Nog geen twintig Olympische sporters hebben een migratie-achtergrond. Volgens Agnes Elling van het Mulier Instituut komt dat, omdat de sporten waar de Nederlanders goed in zijn traditioneel Hollandse sporten zijn: paardrijden, zeilen en hockey bijvoorbeeld.

De sportkeuze van minderheden is minder breed, vooral voetbal en vechtsporten zijn populair. Sporten waarmee je de maatschappelijke ladder kan beklimmen, ofwel: snel rijk en populair mee kan worden.

Verder worden beginnende voetballers over het algemeen goed begeleid door de clubs, terwijl bij de typisch Hollandse sporten vaak de ouders die rol op zich nemen. Deze atleten komen over het algemeen ook uit hoger opgeleide gezinnen, zodat de hogere kosten van die sporten betaald kunnen worden.

De collega van Elling, onderzoeker Rens Cremers, vraagt zich af of sporten die heel blank gebleven zijn wel toegankelijk genoeg zijn voor mensen met een andere achtergrond. "Als sporten een divers verenigingsleven hebben, zie je die diversiteit ook terug in de topsport."

'Bewuste interventie nodig'
Afgelopen januari hebben 26 sportbonden de Charter Diversiteit van NOC-NSF ondertekend dat verder gaat dan alleen man-vrouw-verhoudingen in de sport. Bijzonder hoogleraar Jacco van Sterkenburg, gespecialiseerd in etnische diversiteit in de sport: "Omdat kinderen met een migratieachtergrond zich niet herkennen in de beoefenaars, voelen zij zich minder welkom of trekt het hen minder aan. Om minderheden te trekken, is een bewuste interventie nodig."

"Waarom is bijvoorbeeld de wielersport zo wit gebleven?", oreert Sterkenburg. "Als ik jongeren interview noemen ze vaak de kosten." Toch denkt de hoogleraar het beter te weten dan de geïnterviewde jongeren zelf. Het komt namelijk door een gebrek aan herkenbare rolmodellen. "Die zijn essentieel voor de aantrekkingskracht van een sport."
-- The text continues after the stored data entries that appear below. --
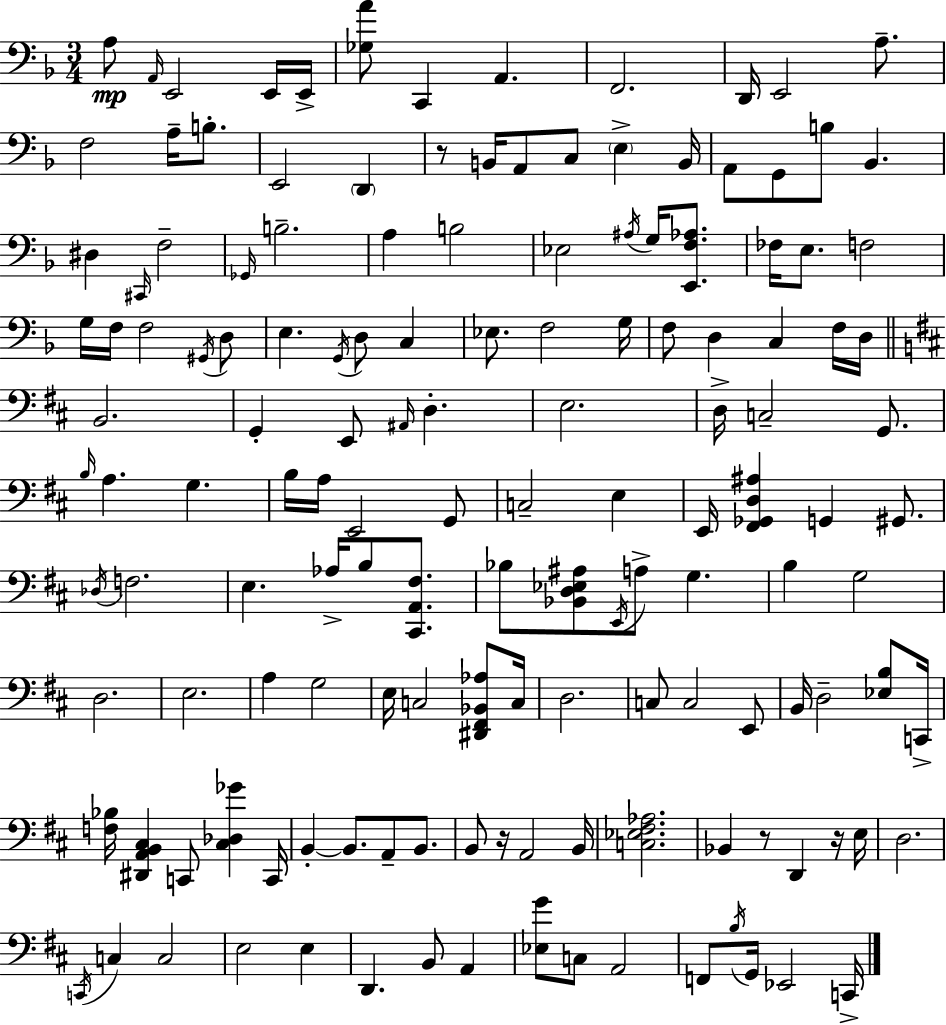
{
  \clef bass
  \numericTimeSignature
  \time 3/4
  \key f \major
  a8\mp \grace { a,16 } e,2 e,16 | e,16-> <ges a'>8 c,4 a,4. | f,2. | d,16 e,2 a8.-- | \break f2 a16-- b8.-. | e,2 \parenthesize d,4 | r8 b,16 a,8 c8 \parenthesize e4-> | b,16 a,8 g,8 b8 bes,4. | \break dis4 \grace { cis,16 } f2-- | \grace { ges,16 } b2.-- | a4 b2 | ees2 \acciaccatura { ais16 } | \break g16 <e, f aes>8. fes16 e8. f2 | g16 f16 f2 | \acciaccatura { gis,16 } d8 e4. \acciaccatura { g,16 } | d8 c4 ees8. f2 | \break g16 f8 d4 | c4 f16 d16 \bar "||" \break \key d \major b,2. | g,4-. e,8 \grace { ais,16 } d4.-. | e2. | d16-> c2-- g,8. | \break \grace { b16 } a4. g4. | b16 a16 e,2 | g,8 c2-- e4 | e,16 <fis, ges, d ais>4 g,4 gis,8. | \break \acciaccatura { des16 } f2. | e4. aes16-> b8 | <cis, a, fis>8. bes8 <bes, d ees ais>8 \acciaccatura { e,16 } a8-> g4. | b4 g2 | \break d2. | e2. | a4 g2 | e16 c2 | \break <dis, fis, bes, aes>8 c16 d2. | c8 c2 | e,8 b,16 d2-- | <ees b>8 c,16-> <f bes>16 <dis, a, b, cis>4 c,8 <cis des ges'>4 | \break c,16 b,4-.~~ b,8. a,8-- | b,8. b,8 r16 a,2 | b,16 <c ees fis aes>2. | bes,4 r8 d,4 | \break r16 e16 d2. | \acciaccatura { c,16 } c4 c2 | e2 | e4 d,4. b,8 | \break a,4 <ees g'>8 c8 a,2 | f,8 \acciaccatura { b16 } g,16 ees,2 | c,16-> \bar "|."
}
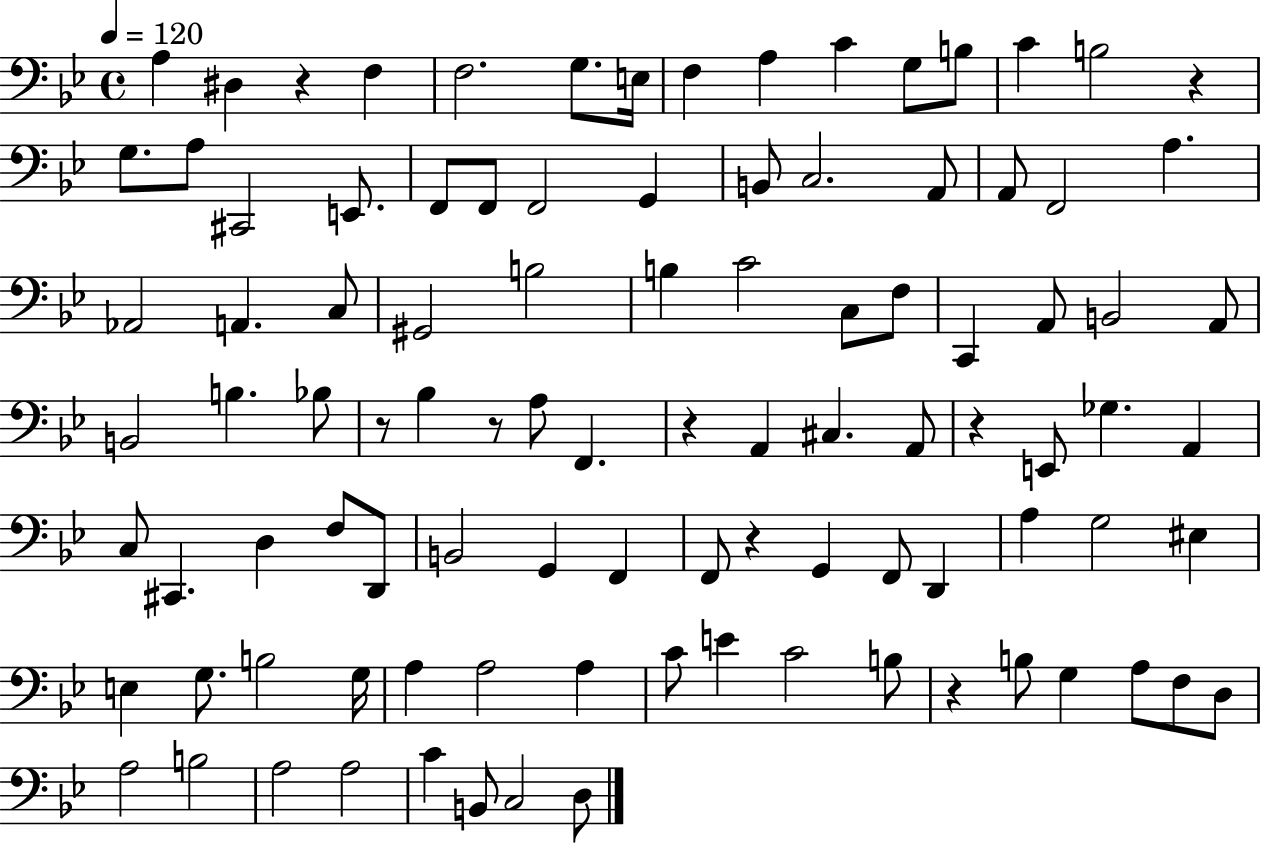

Onderzoekster Elling eindigt het verhaal: "We zijn misschien toch witter zijn dan we denken, ook in de sport. Met verwijzing naar het multiculturele voetbal wordt sport vaak als voorbeeld van integratie genoemd. Terwijl de sport in de breedte dus niet zo divers blijkt. Dat zie je aan Team NL."